Prompt
Give the lines below again exactly, starting with the line that holds "Down below here, I" and going on through the line that holds "Embarcadero recently released".

Records shown
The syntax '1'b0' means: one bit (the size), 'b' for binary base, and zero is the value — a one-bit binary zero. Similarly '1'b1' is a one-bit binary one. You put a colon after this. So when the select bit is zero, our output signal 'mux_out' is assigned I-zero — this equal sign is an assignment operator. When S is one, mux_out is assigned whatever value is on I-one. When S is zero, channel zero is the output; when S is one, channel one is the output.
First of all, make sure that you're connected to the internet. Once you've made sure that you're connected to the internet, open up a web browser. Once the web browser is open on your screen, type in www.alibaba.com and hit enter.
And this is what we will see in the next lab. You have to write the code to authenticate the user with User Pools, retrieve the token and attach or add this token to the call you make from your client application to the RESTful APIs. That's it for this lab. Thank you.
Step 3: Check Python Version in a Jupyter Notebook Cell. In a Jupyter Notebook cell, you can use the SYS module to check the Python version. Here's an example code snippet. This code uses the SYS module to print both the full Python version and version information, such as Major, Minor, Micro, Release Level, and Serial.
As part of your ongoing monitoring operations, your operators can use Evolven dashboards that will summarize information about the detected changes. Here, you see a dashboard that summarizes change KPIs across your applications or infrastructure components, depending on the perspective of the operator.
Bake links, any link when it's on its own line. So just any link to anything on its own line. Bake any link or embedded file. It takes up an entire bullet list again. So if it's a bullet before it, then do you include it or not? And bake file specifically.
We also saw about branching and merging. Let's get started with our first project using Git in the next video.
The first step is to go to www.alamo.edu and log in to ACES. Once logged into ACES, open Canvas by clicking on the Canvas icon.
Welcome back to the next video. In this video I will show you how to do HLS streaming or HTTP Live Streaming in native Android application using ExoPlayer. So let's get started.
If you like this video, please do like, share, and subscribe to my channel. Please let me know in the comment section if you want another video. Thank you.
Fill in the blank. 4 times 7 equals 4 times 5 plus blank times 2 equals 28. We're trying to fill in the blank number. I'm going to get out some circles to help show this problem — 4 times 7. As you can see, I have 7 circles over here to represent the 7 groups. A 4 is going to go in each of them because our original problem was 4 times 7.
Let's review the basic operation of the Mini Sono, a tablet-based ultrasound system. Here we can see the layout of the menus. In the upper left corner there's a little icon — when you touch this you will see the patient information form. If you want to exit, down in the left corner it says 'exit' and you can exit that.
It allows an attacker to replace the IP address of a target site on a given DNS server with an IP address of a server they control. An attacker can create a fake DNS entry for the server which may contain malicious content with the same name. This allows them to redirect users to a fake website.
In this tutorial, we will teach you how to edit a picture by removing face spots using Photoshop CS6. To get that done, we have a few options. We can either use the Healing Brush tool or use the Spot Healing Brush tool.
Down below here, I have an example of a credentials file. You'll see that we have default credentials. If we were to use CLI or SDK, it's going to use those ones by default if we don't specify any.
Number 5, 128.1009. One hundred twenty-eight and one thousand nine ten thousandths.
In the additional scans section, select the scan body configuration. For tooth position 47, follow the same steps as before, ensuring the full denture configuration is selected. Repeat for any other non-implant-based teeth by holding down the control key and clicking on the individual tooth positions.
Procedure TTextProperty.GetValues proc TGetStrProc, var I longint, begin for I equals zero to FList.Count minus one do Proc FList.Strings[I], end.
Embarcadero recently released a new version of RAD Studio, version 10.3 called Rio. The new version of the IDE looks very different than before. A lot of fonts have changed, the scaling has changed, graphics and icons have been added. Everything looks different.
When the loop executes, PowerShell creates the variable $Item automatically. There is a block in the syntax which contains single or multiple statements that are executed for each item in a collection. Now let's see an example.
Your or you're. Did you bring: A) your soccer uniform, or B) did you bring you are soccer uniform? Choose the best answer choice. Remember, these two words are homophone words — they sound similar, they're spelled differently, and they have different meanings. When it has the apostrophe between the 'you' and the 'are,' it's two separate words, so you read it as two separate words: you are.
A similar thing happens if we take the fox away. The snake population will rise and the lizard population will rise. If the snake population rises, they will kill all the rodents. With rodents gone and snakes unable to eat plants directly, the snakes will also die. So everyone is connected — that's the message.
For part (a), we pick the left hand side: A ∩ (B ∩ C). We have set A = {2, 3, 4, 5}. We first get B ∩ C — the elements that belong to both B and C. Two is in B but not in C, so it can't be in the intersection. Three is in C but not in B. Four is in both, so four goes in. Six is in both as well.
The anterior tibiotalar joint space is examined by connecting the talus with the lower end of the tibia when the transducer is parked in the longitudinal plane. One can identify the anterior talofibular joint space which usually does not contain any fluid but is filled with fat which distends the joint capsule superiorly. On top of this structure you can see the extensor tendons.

Solution to this task
Down below here, I have an example of a credentials file. You'll see that we have default credentials. If we were to use CLI or SDK, it's going to use those ones by default if we don't specify any.
Number 5, 128.1009. One hundred twenty-eight and one thousand nine ten thousandths.
In the additional scans section, select the scan body configuration. For tooth position 47, follow the same steps as before, ensuring the full denture configuration is selected. Repeat for any other non-implant-based teeth by holding down the control key and clicking on the individual tooth positions.
Procedure TTextProperty.GetValues proc TGetStrProc, var I longint, begin for I equals zero to FList.Count minus one do Proc FList.Strings[I], end.
Embarcadero recently released a new version of RAD Studio, version 10.3 called Rio. The new version of the IDE looks very different than before. A lot of fonts have changed, the scaling has changed, graphics and icons have been added. Everything looks different.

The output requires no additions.